◆ **DATASET**
═══
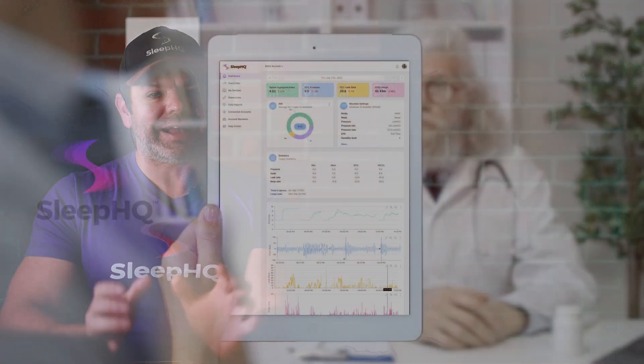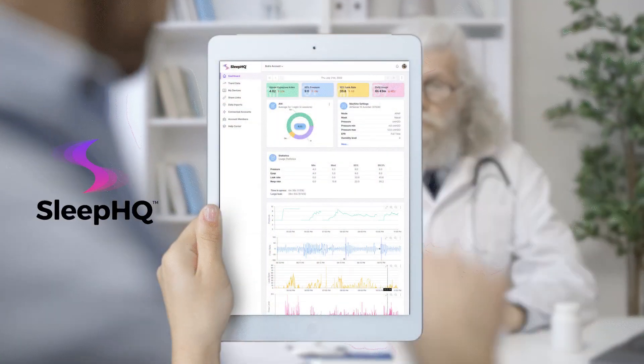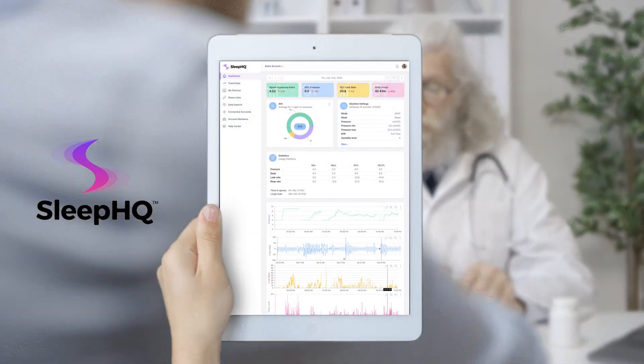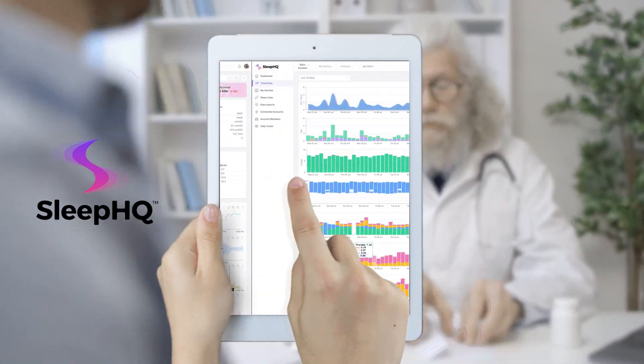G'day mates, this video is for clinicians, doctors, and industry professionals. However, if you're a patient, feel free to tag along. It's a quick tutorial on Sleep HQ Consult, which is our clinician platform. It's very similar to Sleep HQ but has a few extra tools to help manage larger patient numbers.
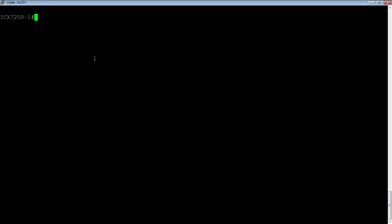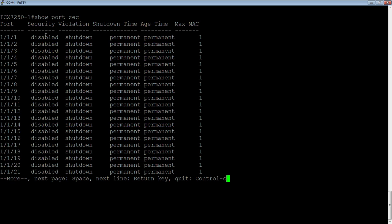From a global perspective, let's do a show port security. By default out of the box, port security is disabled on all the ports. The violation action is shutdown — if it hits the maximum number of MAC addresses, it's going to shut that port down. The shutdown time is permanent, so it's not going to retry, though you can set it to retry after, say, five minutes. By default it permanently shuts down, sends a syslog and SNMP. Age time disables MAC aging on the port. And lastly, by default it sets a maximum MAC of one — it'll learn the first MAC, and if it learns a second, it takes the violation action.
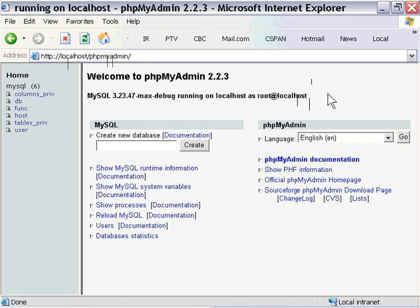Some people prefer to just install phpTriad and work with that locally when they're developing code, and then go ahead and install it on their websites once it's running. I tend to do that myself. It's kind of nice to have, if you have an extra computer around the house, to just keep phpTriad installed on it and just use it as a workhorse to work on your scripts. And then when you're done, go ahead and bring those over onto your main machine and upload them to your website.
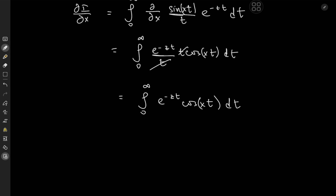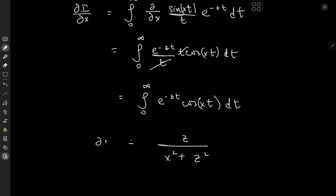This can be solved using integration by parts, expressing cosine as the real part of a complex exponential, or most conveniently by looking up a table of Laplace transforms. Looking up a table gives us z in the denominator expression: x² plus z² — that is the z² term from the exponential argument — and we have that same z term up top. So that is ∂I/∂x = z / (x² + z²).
═══
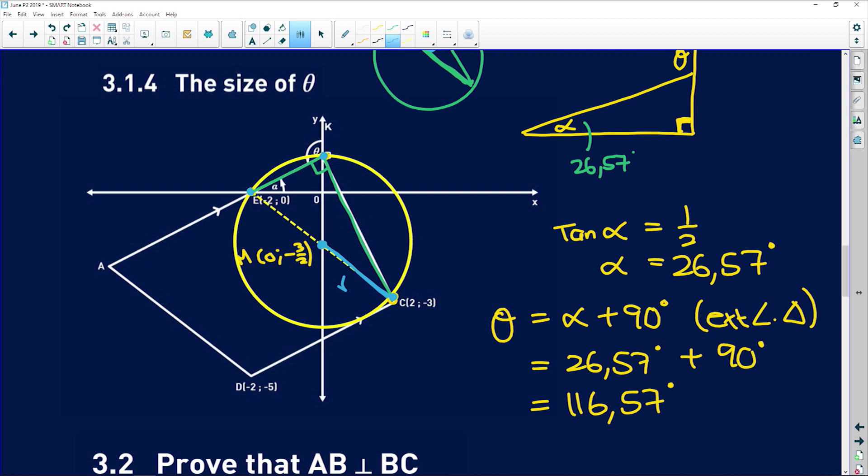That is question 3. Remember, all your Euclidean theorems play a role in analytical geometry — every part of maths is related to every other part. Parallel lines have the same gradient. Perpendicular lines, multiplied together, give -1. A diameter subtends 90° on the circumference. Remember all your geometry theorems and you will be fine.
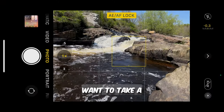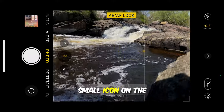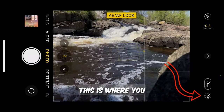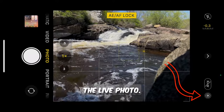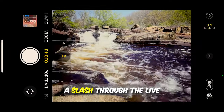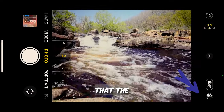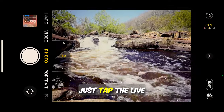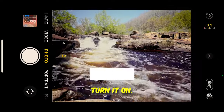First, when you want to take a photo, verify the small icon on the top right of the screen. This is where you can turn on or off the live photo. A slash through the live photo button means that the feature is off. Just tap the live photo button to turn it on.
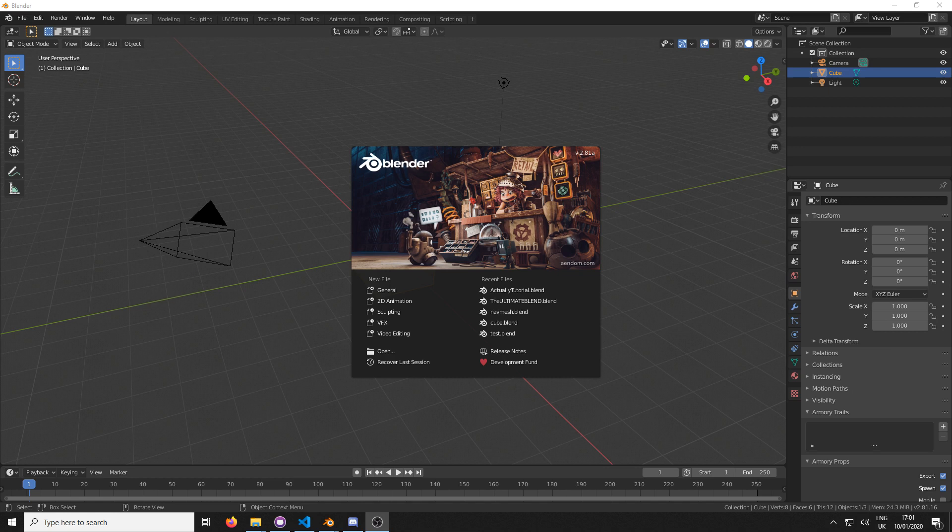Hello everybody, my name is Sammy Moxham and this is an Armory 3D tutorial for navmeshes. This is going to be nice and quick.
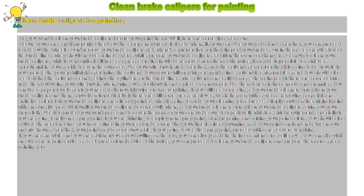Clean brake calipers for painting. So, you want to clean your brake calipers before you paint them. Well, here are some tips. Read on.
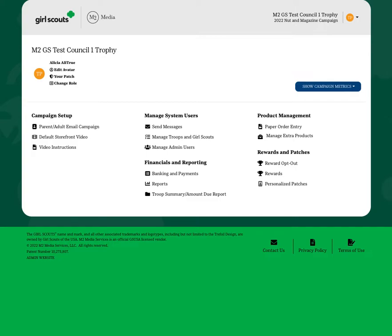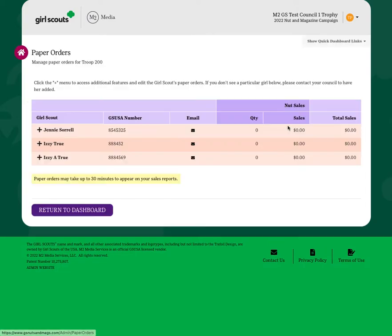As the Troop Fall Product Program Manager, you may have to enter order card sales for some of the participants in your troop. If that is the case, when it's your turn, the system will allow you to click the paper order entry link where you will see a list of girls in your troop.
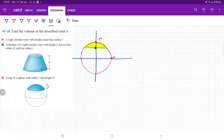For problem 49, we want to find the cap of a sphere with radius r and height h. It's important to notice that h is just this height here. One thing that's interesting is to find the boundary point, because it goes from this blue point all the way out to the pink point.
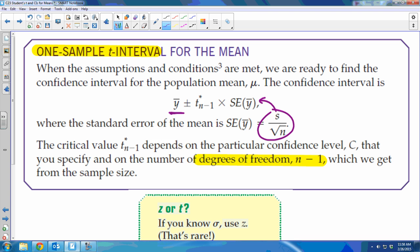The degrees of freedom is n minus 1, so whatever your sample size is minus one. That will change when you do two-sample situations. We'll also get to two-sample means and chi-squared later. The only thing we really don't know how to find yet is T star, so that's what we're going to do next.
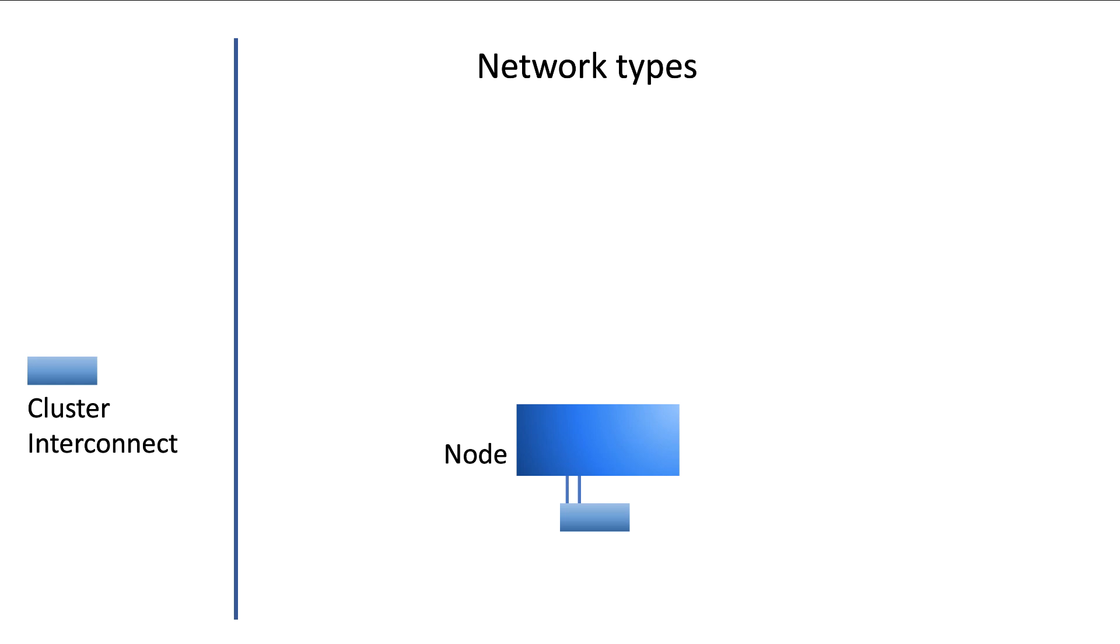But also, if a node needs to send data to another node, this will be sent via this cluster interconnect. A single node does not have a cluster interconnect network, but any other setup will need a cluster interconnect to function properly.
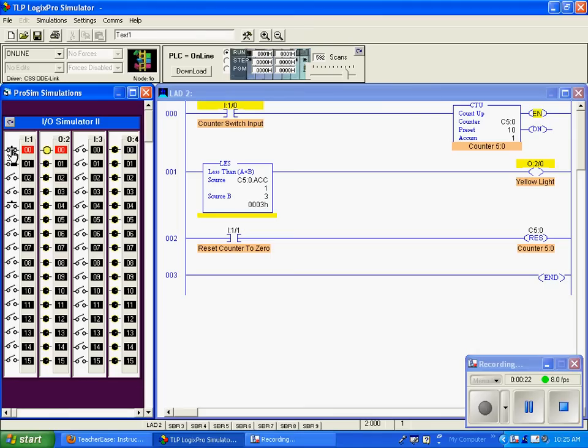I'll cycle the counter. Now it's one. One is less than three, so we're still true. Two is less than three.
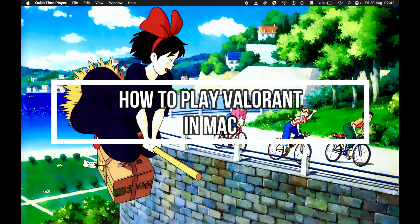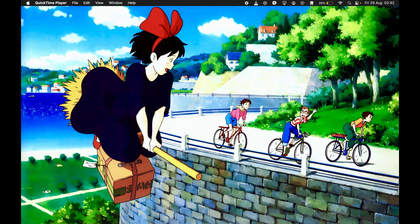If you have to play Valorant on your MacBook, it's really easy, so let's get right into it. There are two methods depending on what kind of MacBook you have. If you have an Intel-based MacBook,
═══
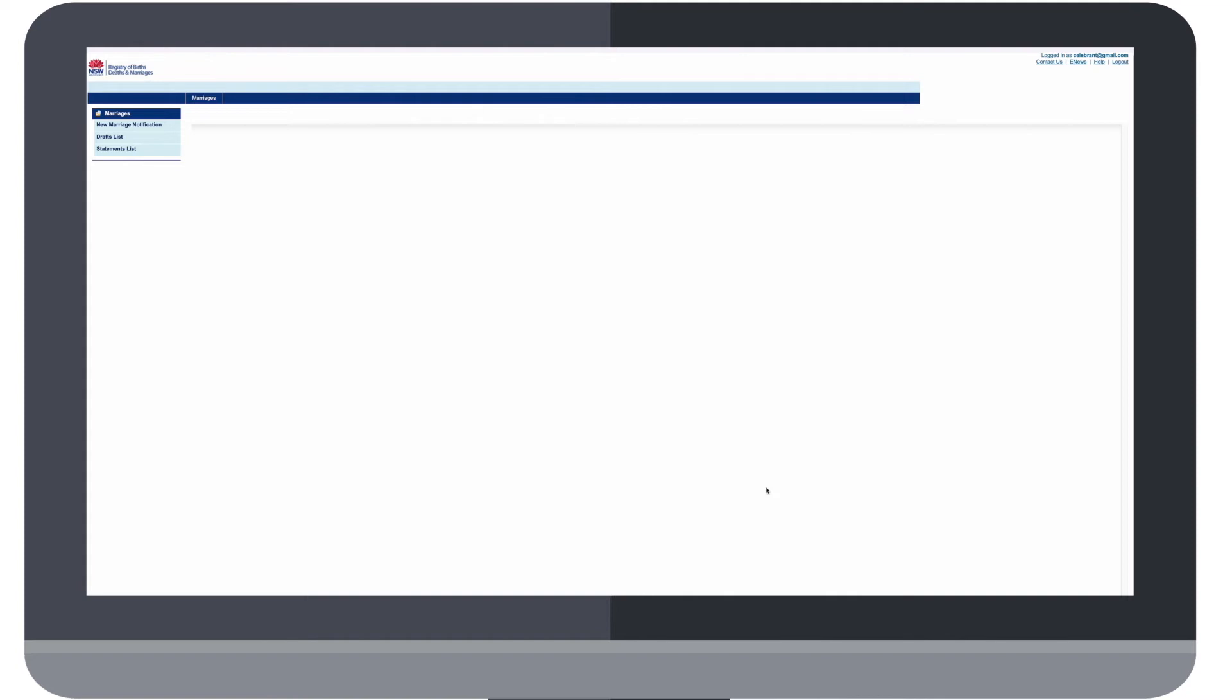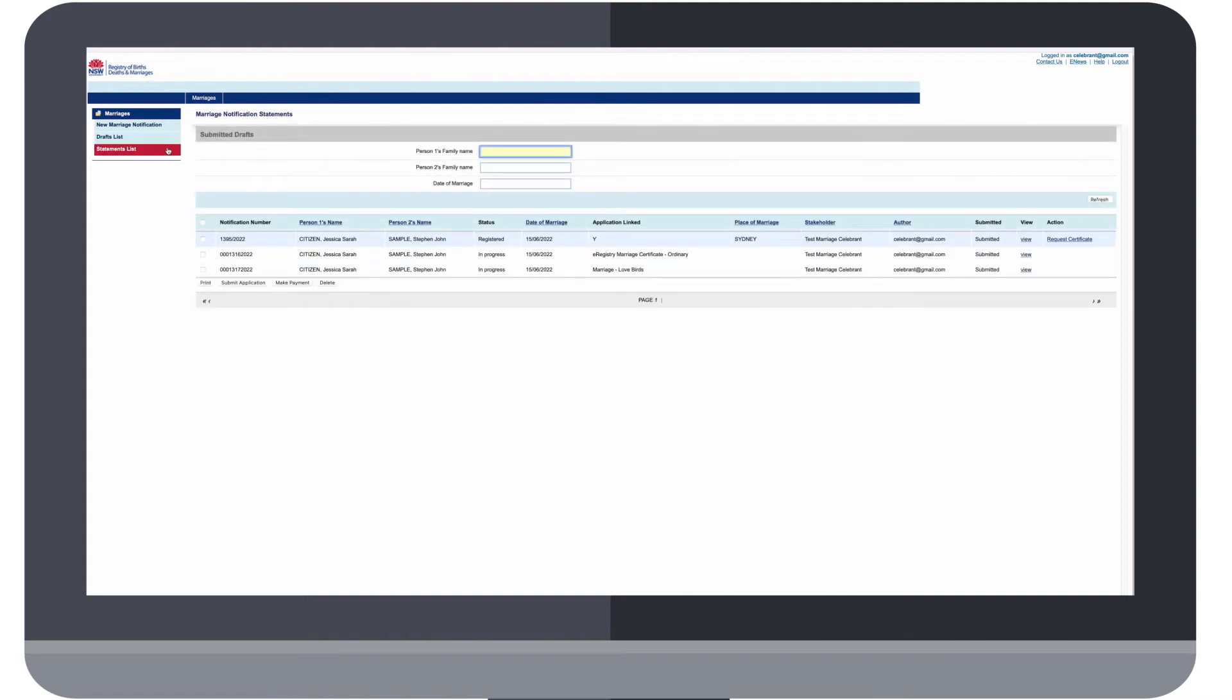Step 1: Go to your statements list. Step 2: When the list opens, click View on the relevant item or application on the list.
═══
◆ **ACTIVITY**
Please output the lines above beginning at the line with "I'll cycle the" and ending after the line with "If you have to", precisely as written and with no pictures.

◆ **SOLUTION**
I'll cycle the counter. Now it's one. One is less than three, so we're still true. Two is less than three.
If you have to play Valorant on your MacBook, it's really easy, so let's get right into it. There are two methods depending on what kind of MacBook you have. If you have an Intel-based MacBook,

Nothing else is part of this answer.